Twitter-Mobbing the Apostles
I do often wonder how not only the Prophets but also the Apostles - and even the Saviour himself - would have fared on Twitter today. I expect they would have found it difficult to avoid castigation by the religious authorities, not least for their tone. Jesus told false teachers who cause little ones to stumble to essentially commit suicide by tying a millstone around their neck and jumping into the sea (Matt. 16:8). Paul refers to the teaching of Hymenaeus and Philetus as “gangrene” and tells Christians to avoid them (2Tim. 2:17). Is this not “heavy-handed” phrasing? Is this not disreputable? Does this not sound “ungracious” by contemporary standards? Indeed, when Paul challenged Peter’s hypocrisy “to his face” in Galatia (Gal. 2:11), should Peter have told Paul to stop doubling down and be “gracious”? Being gracious does not mean backing down and shutting up when something needs to be said.

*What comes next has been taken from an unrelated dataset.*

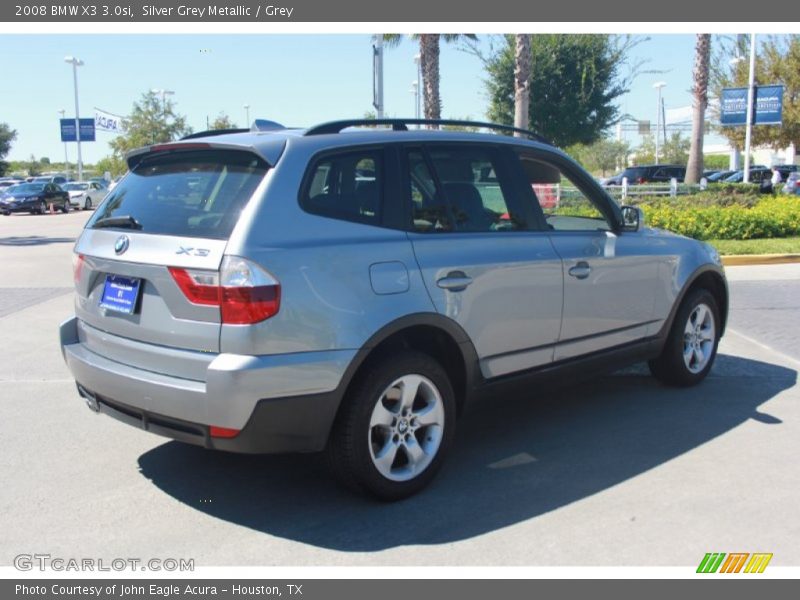 Silver Grey Metallic / Grey 2008 BMW X3 3.0si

At the very least, you’d think God might have considered it wise to have taken down many of the verses in the canon which might cause offence to the delicate ears of future generations? God, it seems, doubles down when he means what he says. We should not be afraid to stand by our convictions when we are convinced they are in line with His convictions. And yes, this even means standing by our “inappropriate tone” if we believe it’s the right thing to say, the right time to say it, and the right way to say it.
The Bible chastens our aggression as well as our cowardice. We are called to be gentle and gracious as well as bold and clear. The problem is when one way always seems to win out and the other emphases are quietly airbrushed out of the Bible. Quite simply, many of the “laws” enforced by the Christian tone police today are just made-up. Some of them could even be seen as akin to the “human traditions” of the Pharisees which Jesus challenged so strongly (Mark 7:8). Again, we must ask: why didn’t Jesus give them the benefit of the doubt? Why did he have to seem so rude?
Who told you that you’re never allowed to talk the way the Bible writers talk? Who told you that particular words are never “appropriate” to speak of sin forcing its way into acceptance within the body of Christ? Where did we get the idea that cautionary niceness was the exclusive way to talk Christian? For too long our ears have been attuned to the expectations of this world and not nearly attentive enough to what the Word of God actually says and how it says it.
Inappropriate Responses?
It’s worth noting, by the way, that I have also had people contact me about the language of my tweet (and my defence of it), saying they have now decided to return to God because it woke them up to their own lack of conviction. Others have even said they will now try going to church for the first time in their lives. Perhaps I ought to tell them how inappropriate it was of them to have been convicted by such inappropriate language.